Second-growth redwood forest responses to restoration treatments

Abstract

Following 20th century logging, much of the natural coast redwood (Sequoia sempervirens [D.Don.] Endl.) range consists of dense second-growth stands with slow tree growth and low biodiversity. There is a landscape-scale effort in much of coastal northern California to increase tree growth rates and ecosystem biodiversity via thinning treatments, thereby hopefully accelerating the development of old-growth forest characteristics. Redwood National Park has been experimenting with thinning in these forest types since the 1970s. This study investigated short- (1 year post-thinning) and long-term (40 years post-thinning) responses of redwood physiology (water potential and stomatal conductance), redwood growth (via tree-rings), and forest biodiversity (understory plants, birds, and mammals) to restoration thinning treatments.
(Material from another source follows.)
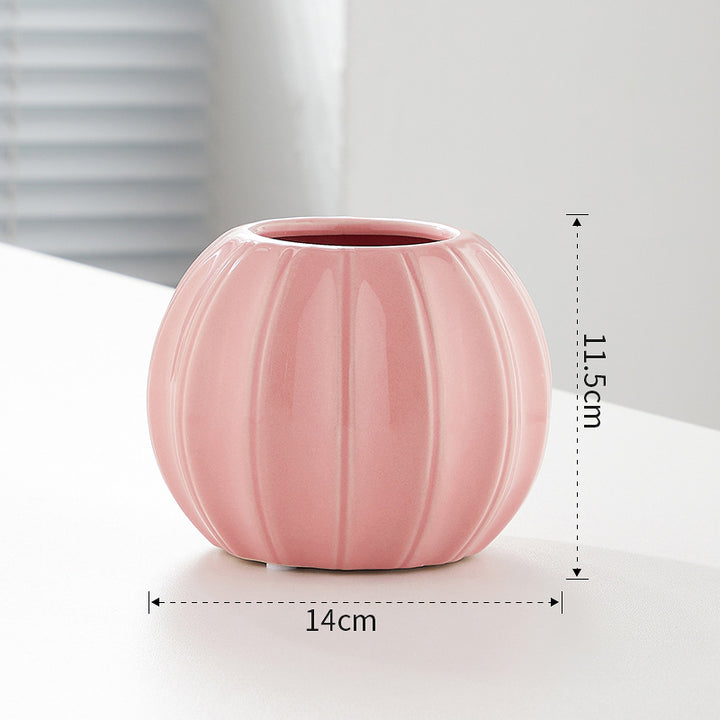 Decorative ceramic vase with modern ribbed design Kalsten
We found that thinning second-growth redwood forests with 40% basal area reduction treatments 1) did not meaningfully influence tree water potential, 2) increased tree stomatal conductance in the short-term, 3) increased tree growth in the long-term, 4) increased understory plant diversity, and 5) did not affect bird or mammal diversity. Collectively, these findings demonstrate that thinning second-growth redwood forests has the potential to accelerate the development of old-growth characteristics. This verification of the efficacy of restoration treatments is important information for land managers, as plans are currently underway to apply these treatments at the landscape-scale. This study can provide useful baseline data to aid future assessments of long-term forest responses to contemporary restoration efforts.